/BLIP2-Japanese

Modifying LAVIS' BLIP2 Q-former with models pretrained on Japanese datasets.

Primary LanguagePythonBSD 3-Clause "New" or "Revised" LicenseBSD-3-Clause

BLIP2-Japanese

This project builds upon LAVIS library's BLIP2 mdoel.

The main idea is to replace the tokenizer and the underlying BERT model in Blip2's Qformer with the one trained on Japanese datasets and retrain the upated model on Japanese captioning datasets.

The model has been trained using COCO dataset with STAIR captions.

Quick Start

The weights of Blip2_Japanese_qformer trained on STAIR can be obtained from this link.

Copy the whole folder under lavis directory, make sure the directory is called pretrained.

Moreover, download bert-base-japanese-whole-word-masking weights and config from the hugging face link

You should now be able to run the example.ipynb notebook.

For directory naming conventions, you can also refer to the .gitignore file.

Use Case: Generate Japanese Captions for Captioning Datasets

Captions generated for flickr30k dataset can be found in flickr30k_caption.json. Script in flickr30k_caption_generate.ipynb.

These captions are generated using top-k sampling instead of nucleus.

Captions generated by the pretrained and finetuned models are shown below:

1001773457

pretrained: {'image': '1001773457.jpg', 'caption': ['二 匹 の 犬 が 道路 で フリスビー を し て いる']} # No frisbee

finetuned: {'image': '1001773457.jpg', 'caption': ['二 匹 の 犬 が 道路 で 喧嘩 を し て いる']}

1001573224

pretrained: {'image': '1001573224.jpg', 'caption': ['6 人 の 女性 が 屋内 で 飛び跳ね て いる']} # Wrong head count

finetuned: {'image': '1001573224.jpg', 'caption': ['黒い 服 を 着 た 女性 たち が 飛び跳ね て いる']}

In general, captions generated by the finetuned model are more accurate.

Use Case: Image Retrieval

Refer to the example.ipynb notebooks for more details. The idea is to get the average cosine similarity of query tokens between the image embeddings and the multimodal embeddings.

Model training

The model was trained on a single GTX4080 GPU(laptop). Hence the config during training is modified as follows:

In blip2_pretrain.yaml: vit_precision = 'fp16'

In pretrain_stage1.yaml: batch_size = 25

During evaluation you have to change vit_precision back to fp32.
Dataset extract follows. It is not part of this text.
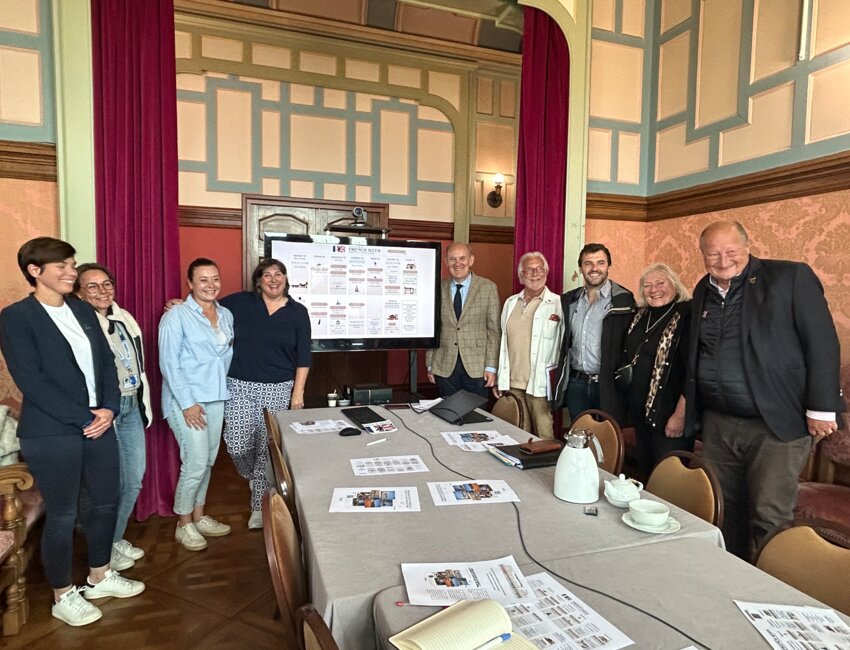 Élus, commerçants et acteurs locaux se sont mobilisés pour imaginer la première édition de la French Week, organisée du 25 au 31 mai au Touquet-Paris-Plage. © Aletheia Press / L. Péron Vranesic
The pretrained and finetuned weights may be updated without prior notice. So if you cannot reproduce the results in the exmaple notebook, please re-download the weights and try again.

User Interface for Japanese Caption Generator

A simple interface for demo purpose can be found in generator-ui.py. To run the UI:

   python generator-ui.py

image